Zaproszenie zostało wysłane o godzinie dwudziestej drugiej. Żeby więc móc porozmawiać z potencjalnymi pracodawcami, musiałabym wsadzić się rano w pociąg, przejechać parę godzin w jedną stronę, wynająć pokój w hotelu (bo nie miałabym pewności, że porozmawiam z nimi już pierwszego dnia), wystać się w kolejce i kupić bilet na konwent. Żyć nie umierać. Odmówiłam.

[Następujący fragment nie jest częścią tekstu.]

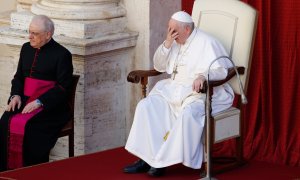 26/05/2021. Imagen de archivo de el Papa Francisco sentado en el patio de San Dámaso para una audiencia general, en el Vaticano. - REUTERS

Po paru dniach otrzymałam wiadomość, że jednak zależałoby im na kimś bardziej mobilnym, więc dziękują za współpracę. Ja również dziękuję i cieszę się, że nie było mi dane jej zasmakować.

wydawnictwo_mangowe

Skomentuj (13) Pobierz ten tekst w formie obrazka
Ocena: 223 (243)

Komentarze

Momencik, trwa ładowanie komentarzy   ładowanie…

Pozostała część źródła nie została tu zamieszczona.